Pourquoi des centaines de milliers d’Européens de l’Est partent pour l’Ouest?
La vie à l’Ouest reste plus confortable qu’ici. En outre, auparavant, nos pays étaient hermétiquement bouclés. Maintenant, on peut enfin sortir, on en profite. Les gens gagnent de l’argent à l’Ouest, beaucoup rentrent ensuite chez eux pour y lancer une entreprise. Ce n’est pas mauvais. En revanche, de plus en plus de gens venus de Biélorussie et d’Ukraine débarquent chez nous.
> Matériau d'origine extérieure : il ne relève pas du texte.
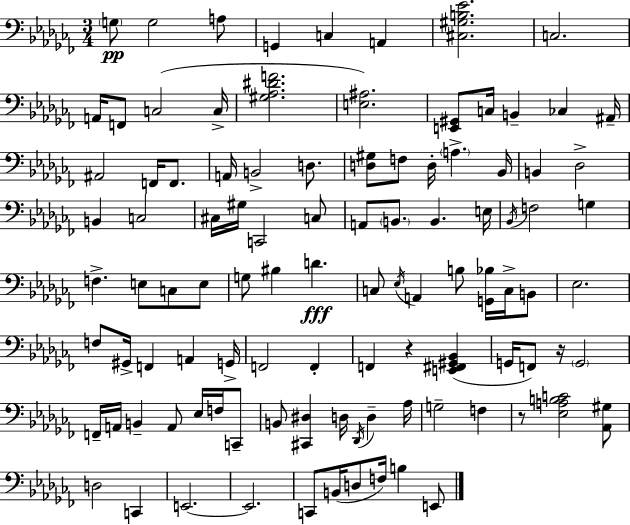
X:1
T:Untitled
M:3/4
L:1/4
K:Abm
G,/2 G,2 A,/2 G,, C, A,, [^C,^G,B,_E]2 C,2 A,,/4 F,,/2 C,2 C,/4 [^G,_A,^DF]2 [E,^A,]2 [E,,^G,,]/2 C,/4 B,, _C, ^A,,/4 ^A,,2 F,,/4 F,,/2 A,,/4 B,,2 D,/2 [D,^G,]/2 F,/2 D,/4 A, _B,,/4 B,, _D,2 B,, C,2 ^C,/4 ^G,/4 C,,2 C,/2 A,,/2 B,,/2 B,, E,/4 _B,,/4 F,2 G, F, E,/2 C,/2 E,/2 G,/2 ^B, D C,/2 _E,/4 A,, B,/2 [G,,_B,]/4 C,/4 B,,/2 _E,2 F,/2 ^G,,/4 F,, A,, G,,/4 F,,2 F,, F,, z [E,,^F,,^G,,_B,,] G,,/4 F,,/2 z/4 G,,2 F,,/4 A,,/4 B,, A,,/2 _E,/4 F,/4 C,,/2 B,,/2 [^C,,^D,] D,/4 _D,,/4 D, _A,/4 G,2 F, z/2 [_E,A,B,C]2 [_A,,^G,]/2 D,2 C,, E,,2 E,,2 C,,/2 B,,/4 D,/2 F,/4 B, E,,/2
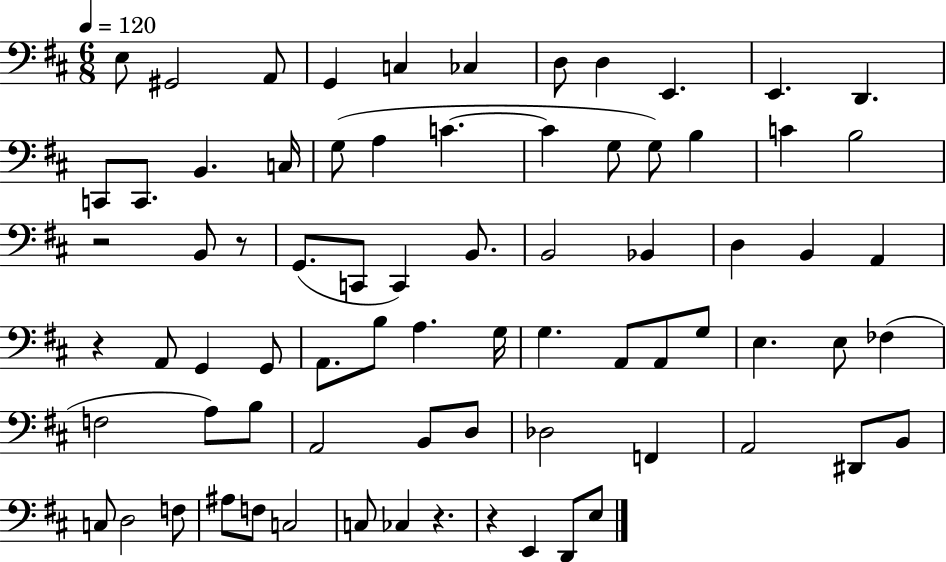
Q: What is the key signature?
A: D major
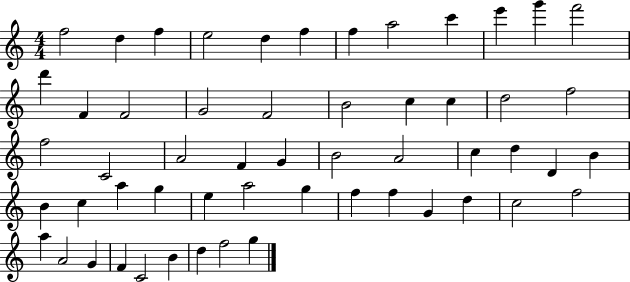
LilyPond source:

{
  \clef treble
  \numericTimeSignature
  \time 4/4
  \key c \major
  f''2 d''4 f''4 | e''2 d''4 f''4 | f''4 a''2 c'''4 | e'''4 g'''4 f'''2 | \break d'''4 f'4 f'2 | g'2 f'2 | b'2 c''4 c''4 | d''2 f''2 | \break f''2 c'2 | a'2 f'4 g'4 | b'2 a'2 | c''4 d''4 d'4 b'4 | \break b'4 c''4 a''4 g''4 | e''4 a''2 g''4 | f''4 f''4 g'4 d''4 | c''2 f''2 | \break a''4 a'2 g'4 | f'4 c'2 b'4 | d''4 f''2 g''4 | \bar "|."
}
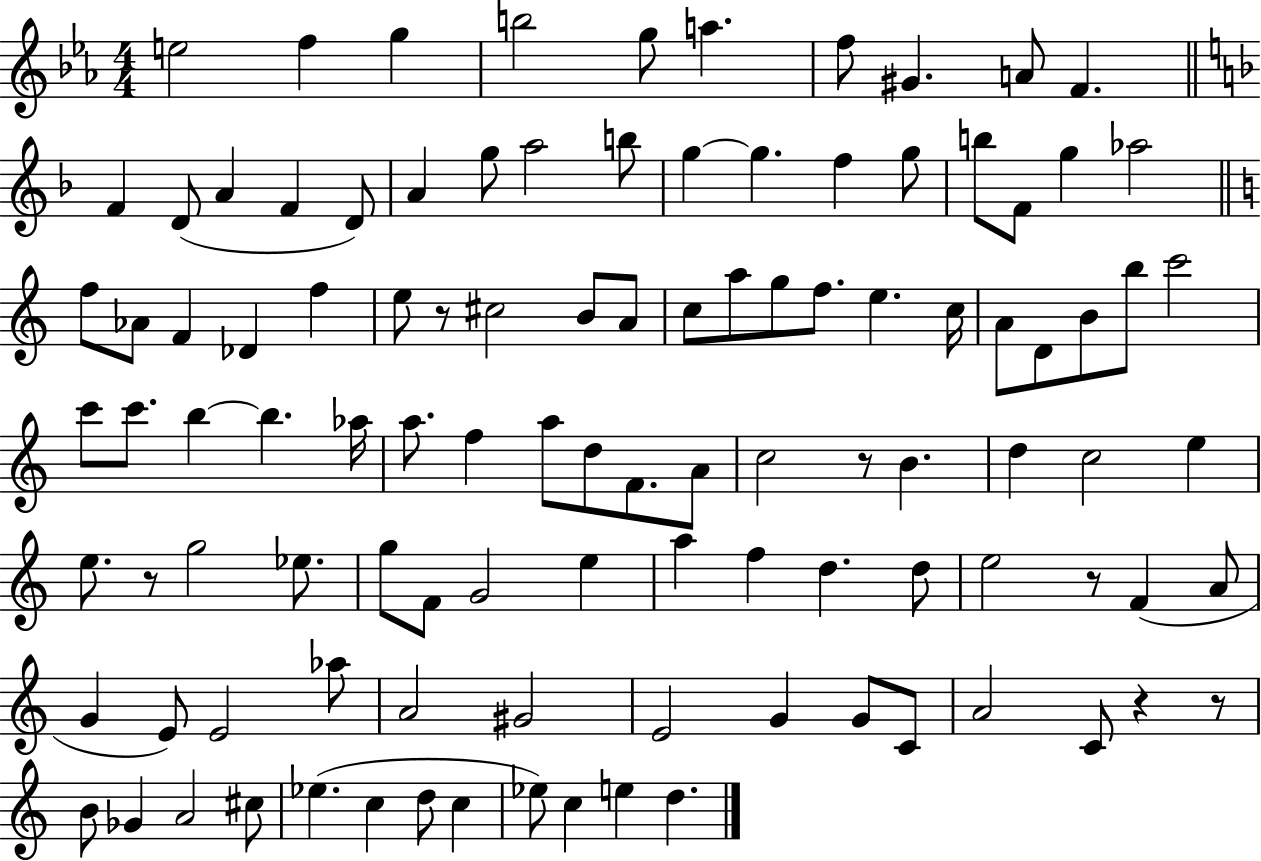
E5/h F5/q G5/q B5/h G5/e A5/q. F5/e G#4/q. A4/e F4/q. F4/q D4/e A4/q F4/q D4/e A4/q G5/e A5/h B5/e G5/q G5/q. F5/q G5/e B5/e F4/e G5/q Ab5/h F5/e Ab4/e F4/q Db4/q F5/q E5/e R/e C#5/h B4/e A4/e C5/e A5/e G5/e F5/e. E5/q. C5/s A4/e D4/e B4/e B5/e C6/h C6/e C6/e. B5/q B5/q. Ab5/s A5/e. F5/q A5/e D5/e F4/e. A4/e C5/h R/e B4/q. D5/q C5/h E5/q E5/e. R/e G5/h Eb5/e. G5/e F4/e G4/h E5/q A5/q F5/q D5/q. D5/e E5/h R/e F4/q A4/e G4/q E4/e E4/h Ab5/e A4/h G#4/h E4/h G4/q G4/e C4/e A4/h C4/e R/q R/e B4/e Gb4/q A4/h C#5/e Eb5/q. C5/q D5/e C5/q Eb5/e C5/q E5/q D5/q.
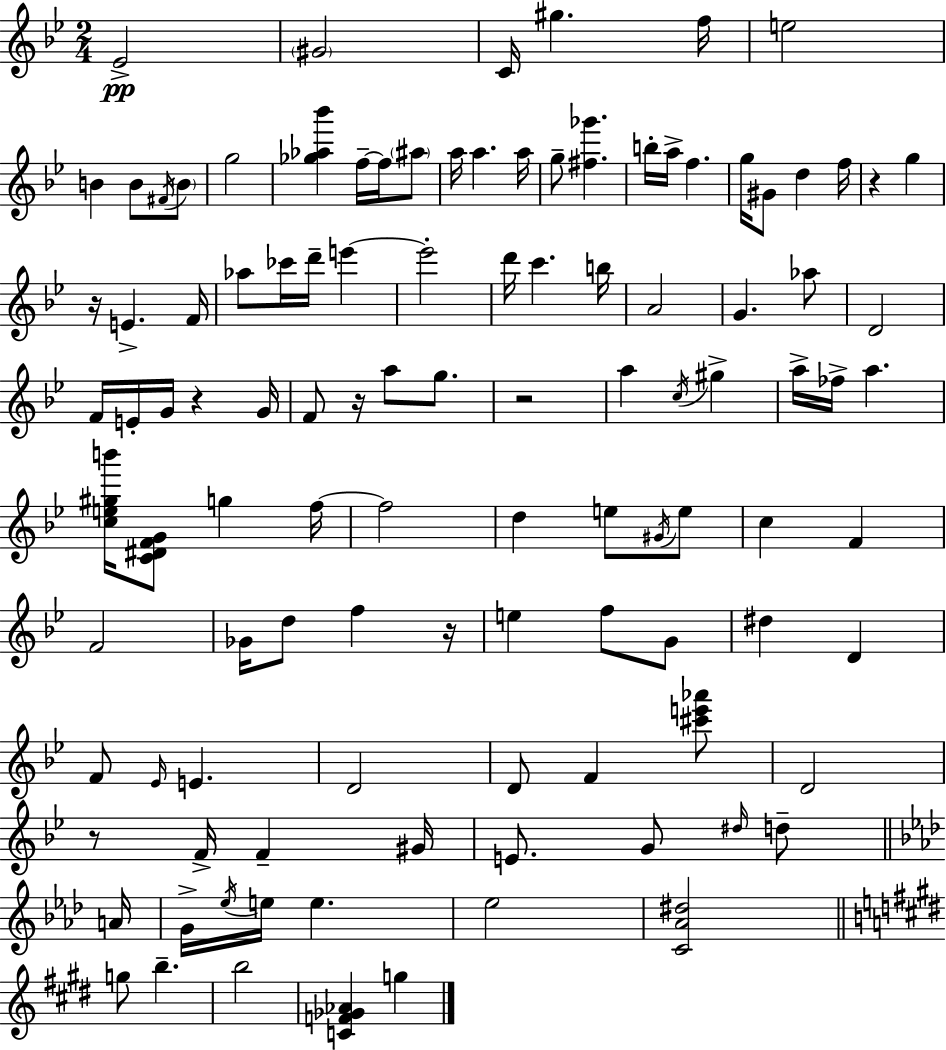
Eb4/h G#4/h C4/s G#5/q. F5/s E5/h B4/q B4/e F#4/s B4/e G5/h [Gb5,Ab5,Bb6]/q F5/s F5/s A#5/e A5/s A5/q. A5/s G5/e [F#5,Gb6]/q. B5/s A5/s F5/q. G5/s G#4/e D5/q F5/s R/q G5/q R/s E4/q. F4/s Ab5/e CES6/s D6/s E6/q E6/h D6/s C6/q. B5/s A4/h G4/q. Ab5/e D4/h F4/s E4/s G4/s R/q G4/s F4/e R/s A5/e G5/e. R/h A5/q C5/s G#5/q A5/s FES5/s A5/q. [C5,E5,G#5,B6]/s [C4,D#4,F4,G4]/e G5/q F5/s F5/h D5/q E5/e G#4/s E5/e C5/q F4/q F4/h Gb4/s D5/e F5/q R/s E5/q F5/e G4/e D#5/q D4/q F4/e Eb4/s E4/q. D4/h D4/e F4/q [C#6,E6,Ab6]/e D4/h R/e F4/s F4/q G#4/s E4/e. G4/e D#5/s D5/e A4/s G4/s Eb5/s E5/s E5/q. Eb5/h [C4,Ab4,D#5]/h G5/e B5/q. B5/h [C4,F4,Gb4,Ab4]/q G5/q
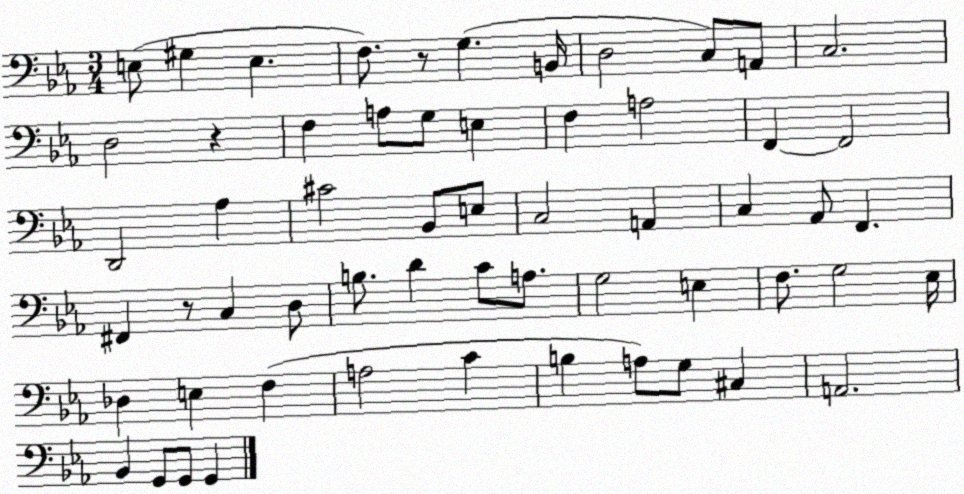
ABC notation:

X:1
T:Untitled
M:3/4
L:1/4
K:Eb
E,/2 ^G, E, F,/2 z/2 G, B,,/4 D,2 C,/2 A,,/2 C,2 D,2 z F, A,/2 G,/2 E, F, A,2 F,, F,,2 D,,2 _A, ^C2 _B,,/2 E,/2 C,2 A,, C, _A,,/2 F,, ^F,, z/2 C, D,/2 B,/2 D C/2 A,/2 G,2 E, F,/2 G,2 _E,/4 _D, E, F, A,2 C B, A,/2 G,/2 ^C, A,,2 _B,, G,,/2 G,,/2 G,,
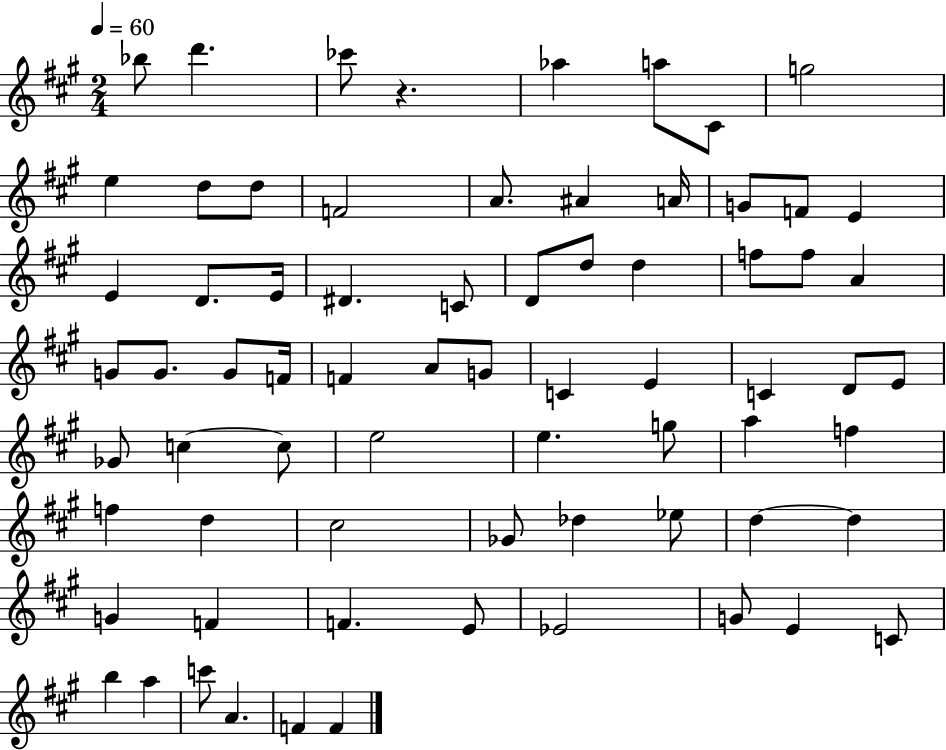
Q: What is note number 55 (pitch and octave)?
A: D5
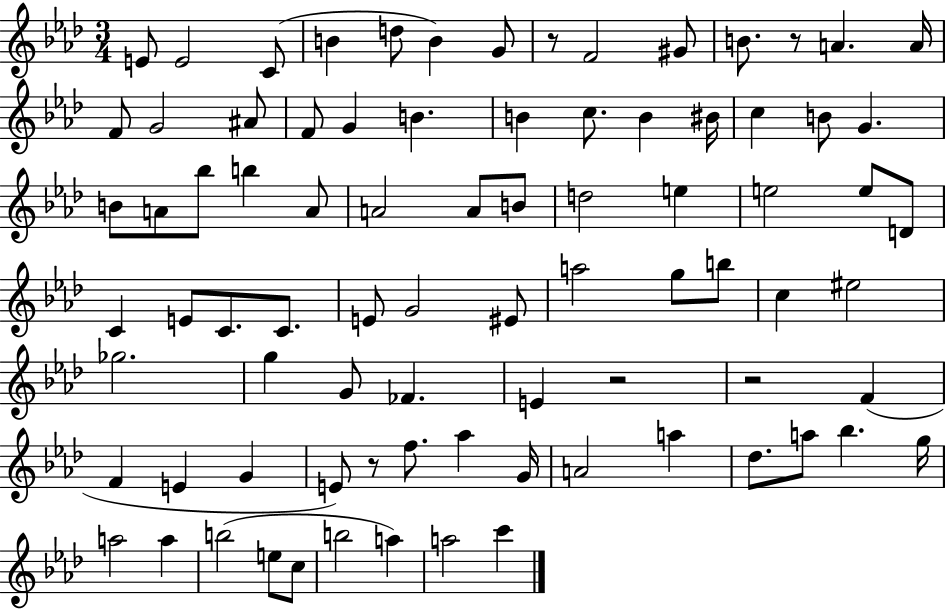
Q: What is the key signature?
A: AES major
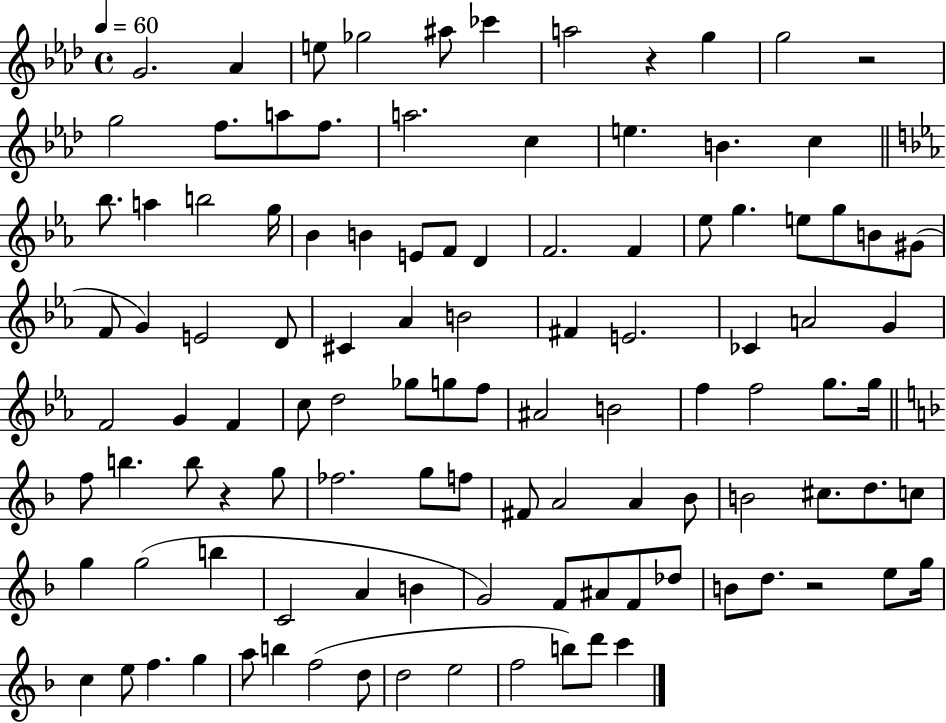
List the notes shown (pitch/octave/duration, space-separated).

G4/h. Ab4/q E5/e Gb5/h A#5/e CES6/q A5/h R/q G5/q G5/h R/h G5/h F5/e. A5/e F5/e. A5/h. C5/q E5/q. B4/q. C5/q Bb5/e. A5/q B5/h G5/s Bb4/q B4/q E4/e F4/e D4/q F4/h. F4/q Eb5/e G5/q. E5/e G5/e B4/e G#4/e F4/e G4/q E4/h D4/e C#4/q Ab4/q B4/h F#4/q E4/h. CES4/q A4/h G4/q F4/h G4/q F4/q C5/e D5/h Gb5/e G5/e F5/e A#4/h B4/h F5/q F5/h G5/e. G5/s F5/e B5/q. B5/e R/q G5/e FES5/h. G5/e F5/e F#4/e A4/h A4/q Bb4/e B4/h C#5/e. D5/e. C5/e G5/q G5/h B5/q C4/h A4/q B4/q G4/h F4/e A#4/e F4/e Db5/e B4/e D5/e. R/h E5/e G5/s C5/q E5/e F5/q. G5/q A5/e B5/q F5/h D5/e D5/h E5/h F5/h B5/e D6/e C6/q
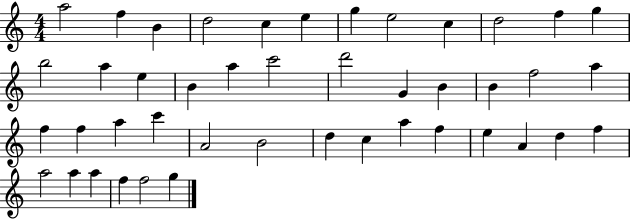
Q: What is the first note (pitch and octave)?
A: A5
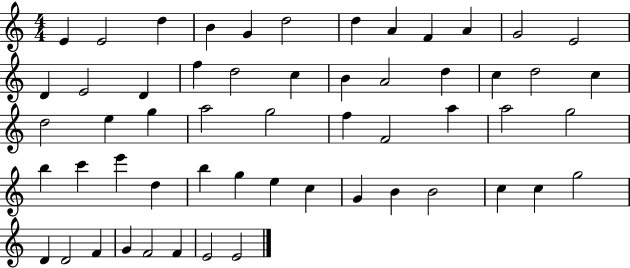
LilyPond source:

{
  \clef treble
  \numericTimeSignature
  \time 4/4
  \key c \major
  e'4 e'2 d''4 | b'4 g'4 d''2 | d''4 a'4 f'4 a'4 | g'2 e'2 | \break d'4 e'2 d'4 | f''4 d''2 c''4 | b'4 a'2 d''4 | c''4 d''2 c''4 | \break d''2 e''4 g''4 | a''2 g''2 | f''4 f'2 a''4 | a''2 g''2 | \break b''4 c'''4 e'''4 d''4 | b''4 g''4 e''4 c''4 | g'4 b'4 b'2 | c''4 c''4 g''2 | \break d'4 d'2 f'4 | g'4 f'2 f'4 | e'2 e'2 | \bar "|."
}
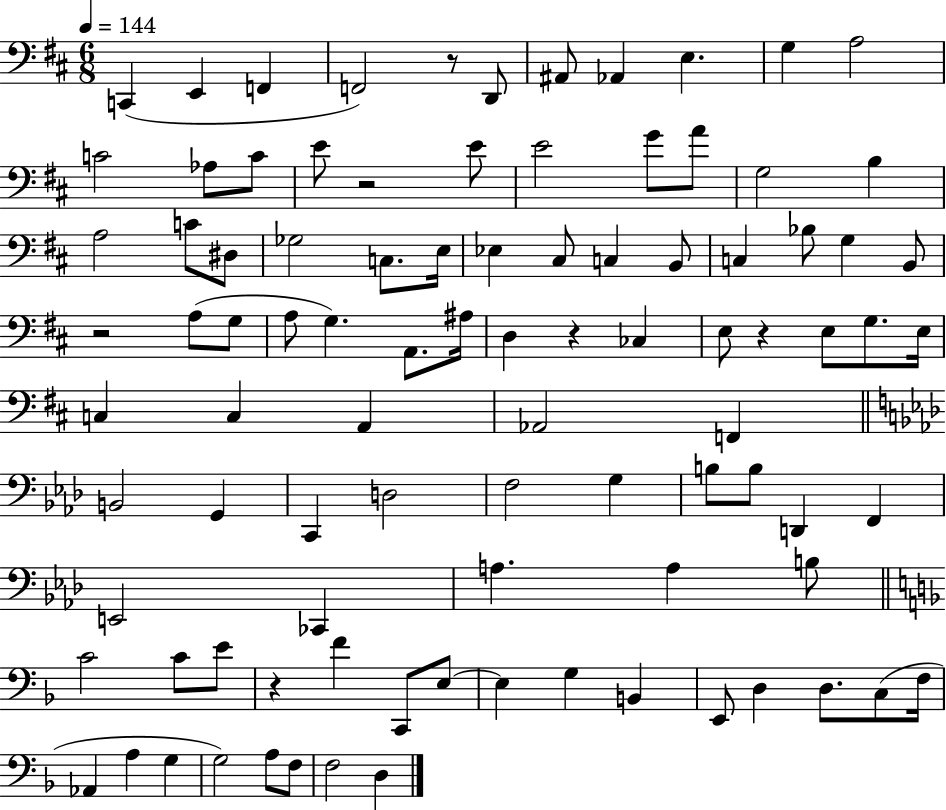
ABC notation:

X:1
T:Untitled
M:6/8
L:1/4
K:D
C,, E,, F,, F,,2 z/2 D,,/2 ^A,,/2 _A,, E, G, A,2 C2 _A,/2 C/2 E/2 z2 E/2 E2 G/2 A/2 G,2 B, A,2 C/2 ^D,/2 _G,2 C,/2 E,/4 _E, ^C,/2 C, B,,/2 C, _B,/2 G, B,,/2 z2 A,/2 G,/2 A,/2 G, A,,/2 ^A,/4 D, z _C, E,/2 z E,/2 G,/2 E,/4 C, C, A,, _A,,2 F,, B,,2 G,, C,, D,2 F,2 G, B,/2 B,/2 D,, F,, E,,2 _C,, A, A, B,/2 C2 C/2 E/2 z F C,,/2 E,/2 E, G, B,, E,,/2 D, D,/2 C,/2 F,/4 _A,, A, G, G,2 A,/2 F,/2 F,2 D,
Comme dissident, vous avez payé un tribut élevé pour vos convictions politiques. Pourquoi les anciens dissidents ne jouent-ils plus aucun rôle en politique?
C’était probablement normal. En démocratie, la politique exige d’autres profils psychologiques. La lutte contre le communisme était un peu comme une guerre: nous enfilions l’uniforme et partions au front; après la victoire, bon nombre d’entre nous se sont retirés. Nous autres dissidents avons des critères moraux très élevés. Aucun d’entre nous ne croyait que le communisme allait bel et bien s’effondrer sous nos yeux. Mais ça s’est produit et, à la tête de l’Etat, on a vu tout à coup des gens comme moi. Mais nous n’avions pas appris à faire de la politique conformément aux règles de la démocratie. Il est probable qu’avec nos sublimes exigences nous en ayons un peu trop demandé au peuple.